▸ **Task item**
Would you reproduce exactly the lines below from the one holding "Wybuch kamienicy w" through the one holding "Kaya, Geist Hunter", inclusive, and no others?

▸ **Exercise inputs**
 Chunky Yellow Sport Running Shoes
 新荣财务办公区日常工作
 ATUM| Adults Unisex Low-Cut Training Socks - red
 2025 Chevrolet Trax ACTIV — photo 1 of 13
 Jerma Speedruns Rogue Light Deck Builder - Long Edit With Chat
--
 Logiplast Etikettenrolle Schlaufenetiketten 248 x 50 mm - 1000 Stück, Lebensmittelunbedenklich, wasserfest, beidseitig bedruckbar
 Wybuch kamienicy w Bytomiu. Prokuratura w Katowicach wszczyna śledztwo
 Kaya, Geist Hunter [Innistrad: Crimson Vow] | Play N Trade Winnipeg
--
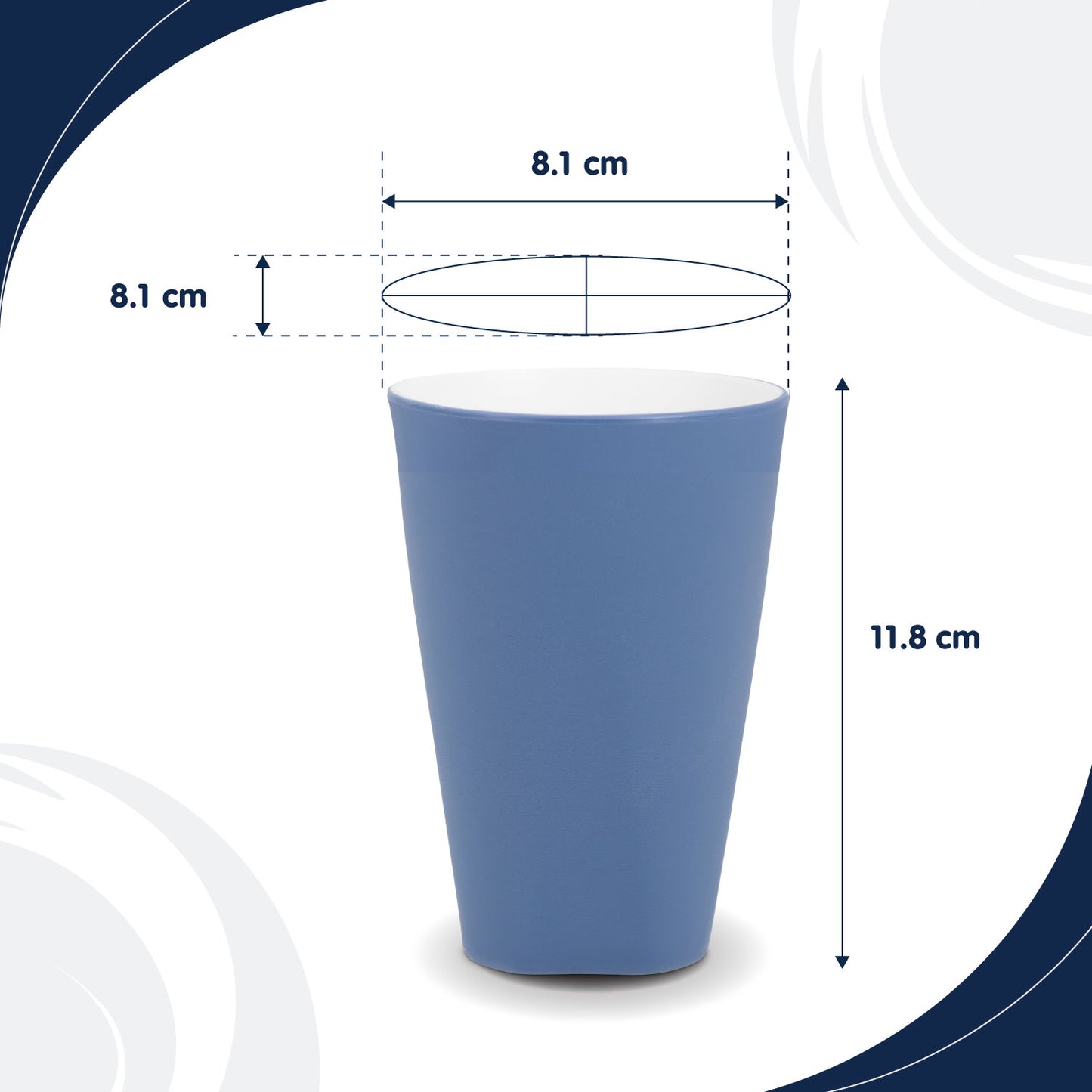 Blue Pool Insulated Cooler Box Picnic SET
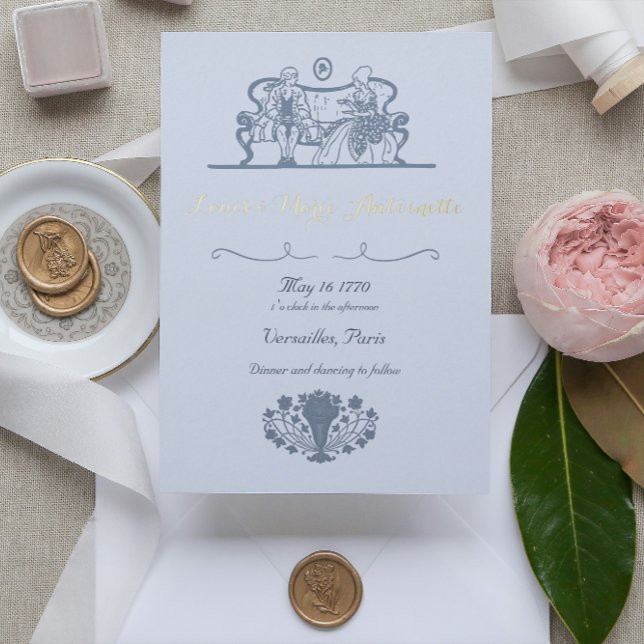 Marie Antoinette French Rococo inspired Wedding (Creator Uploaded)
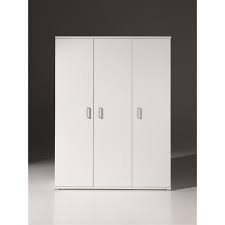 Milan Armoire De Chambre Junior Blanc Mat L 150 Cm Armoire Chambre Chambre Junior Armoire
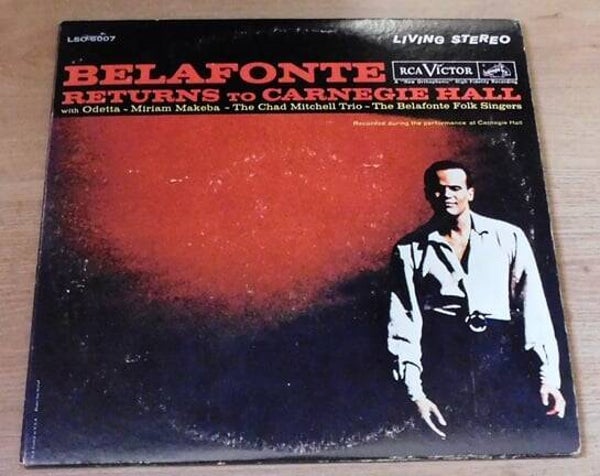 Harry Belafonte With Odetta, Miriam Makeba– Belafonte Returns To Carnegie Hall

▸ **Result of the task**
 Wybuch kamienicy w Bytomiu. Prokuratura w Katowicach wszczyna śledztwo
 Kaya, Geist Hunter [Innistrad: Crimson Vow] | Play N Trade Winnipeg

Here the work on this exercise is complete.